Out-Law Legal Update 3 min. read

High Court refuses pre-action disclosure of insurance policy to a third party


LEGAL UPDATE: The UK High Court has said that Civil Procedure Rule 31.16 governing pre-action disclosure could not be commonly used by third parties to obtain the insurance policy of an insolvent insured because parliament has already enacted separate legislation to govern that type of disclosure – in the form of the recent Third Party (Rights Against Insurers) Act 2010.

After a fire at one of its warehouses, Peel Port Shareholder Finance Company applied for disclosure of the insurance policy of the contractor which allegedly caused the fire. The insurance company was Dornoch Ltd.

The contractor was solvent and the insurance policy request was made under Civil Procedure Rule 31.16, which governs disclosure before proceedings start. Dornoch argued that the legislators could not have envisaged allowing disclosure of insurance policies under CPR 31.16 because the Third Parties (Rights against Insurers) Act 2010 (the 2010 Act) contained a specific regime for the disclosure of information in such policies, albeit where the insured is insolvent.

The 2010 Act allows a claimant to ask a potentially liable insolvent defendant if there is a contract of insurance that covers the supposed liability, who the insurer is, what the terms of the contract are instead of attempting to rely on the CPR pre-action disclosure provisions. It also allows it to ask whether the insured has been informed that the insurer has claimed not to be liable under the contract in respect of the supposed liability. Although there is no express provision for supply of the contract of insurance itself in the legislation, it is likely that this would happen in practice.

In the High Court, Mrs Justice Jefford agreed with Dornoch and refused the application, providing useful insight into the interaction between CPR 31.16 and the 2010 Act, which came into force in August 2016. She said that CPR 31.16 could not be commonly used by third parties to obtain the insurance policy of an insolvent insured because Parliament has already enacted separate legislation to govern that type of disclosure – in the form of the 2010 Act. Furthermore, the judge interpreted the Law Commission's review of the 2010 Act to indicate that the Court would not generally order disclosure of a solvent party's insurance policy during litigation and observed that statute has never expressly provided for a litigant to obtain the insurance policy of a solvent insured.

The judge concluded that CPR 31.16 should not allow a claimant to ask for disclosure just because the insured may become insolvent at a future date and that it may therefore have a claim against the insurer. Despite Peel Port's arguments - that the case was exceptional, the insured had set out no defence, if litigation was to proceed against it, it would be liable and unable to meet the liability, and rights against the insurer would therefore pass to the applicant - these were all a series of conjectural hypotheses and not enough to be "sufficiently exceptional" for the Court to overturn established practice. The application for pre-action disclosure was refused. 

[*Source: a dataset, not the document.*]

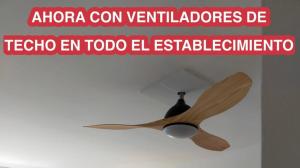 a wooden ceiling fan in a room with a sign at Apartamentos Eldorado in Lloret de Mar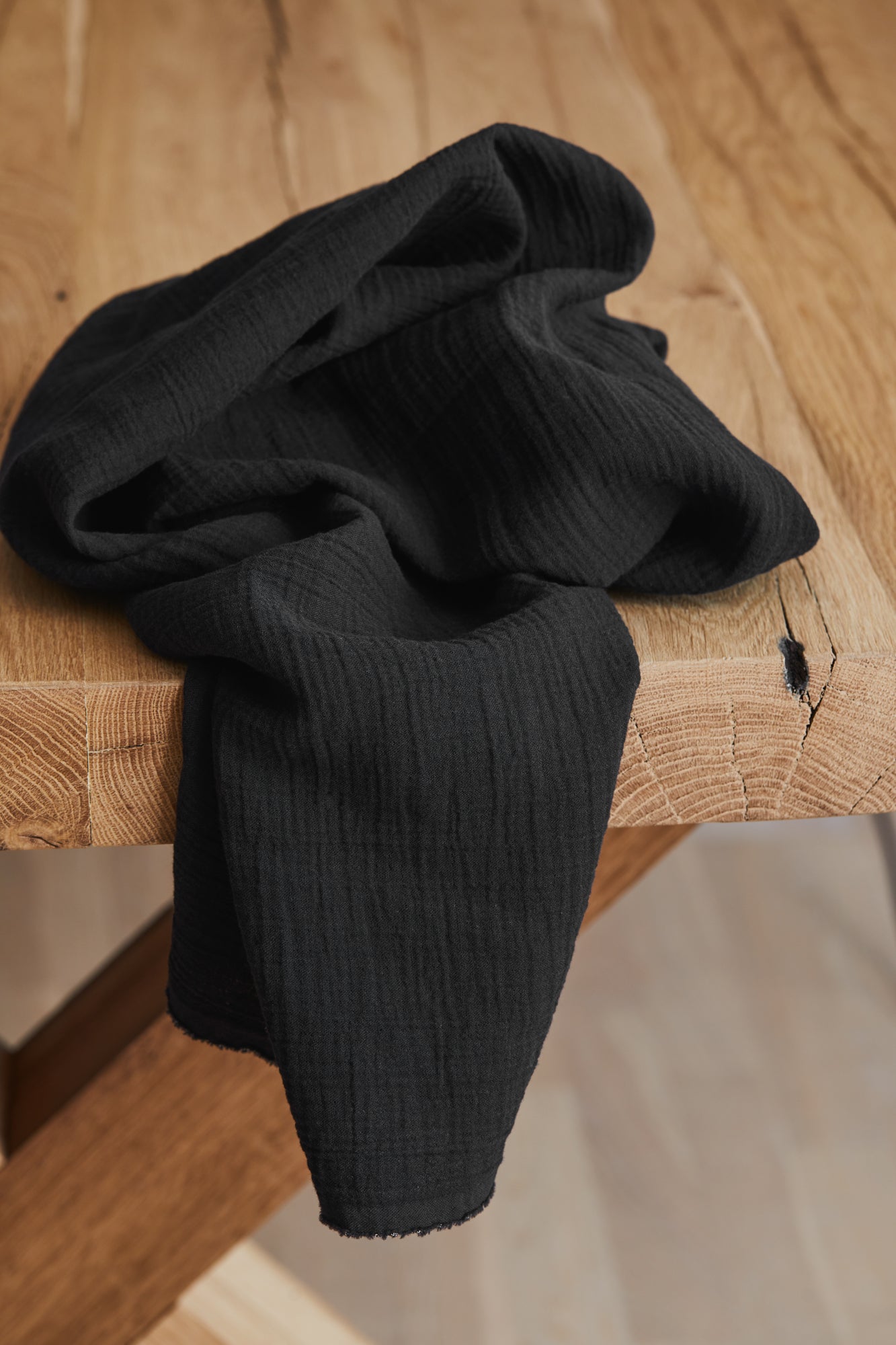Organic cotton double gauze crinkle sewing fabric in black, draped over wooden table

Peel Port owned a warehouse which had been damaged by fire and had claimed this had been caused by the defendant company carrying out flame cutting work in the vicinity of flammable insulation material. The defendant was insured by Dornoch, and Dornoch was substituted as the respondent to the application. Dornoch denied that the claim was covered under the insurance policy because of an endorsement providing that it was a condition precedent to liability that certain precautions were taken when using the sort of spark-emitting equipment the defendant was using. While the terms of such an endorsement were disclosed in correspondence between the parties, the insurance policy itself was not.

Peel Port argued that parts (a)-(c) of CPR 31.16 were satisfied, and that pre-action disclosure of the full insurance policy should be granted. It argued that if the insured was put into liquidation, which it would be if found liable, Dornoch and Peel Port would be the parties to the proceedings and the endorsement, and its effect, would be the key issue of proceedings. Secondly, if the policy was disclosed and showed that the endorsement was effective, Peel Port would not pursue the defendant or the insurer, which would avoid litigation and costs in accordance with three of the required limbs under CPR 31.16 (d).

Dornoch argued that the legislators cannot have envisaged allowing disclosure of insurance policies under CPR 31.16 because the 2010 Act contained a specific regime for the disclosure of information in such policies, albeit where the insured is insolvent. The effect of this, it argued, was that the applicant against the insolvent insured could pursue the insurer instead and request certain information from the insurer before the insured's liability is established, creating a form of pre-action disclosure.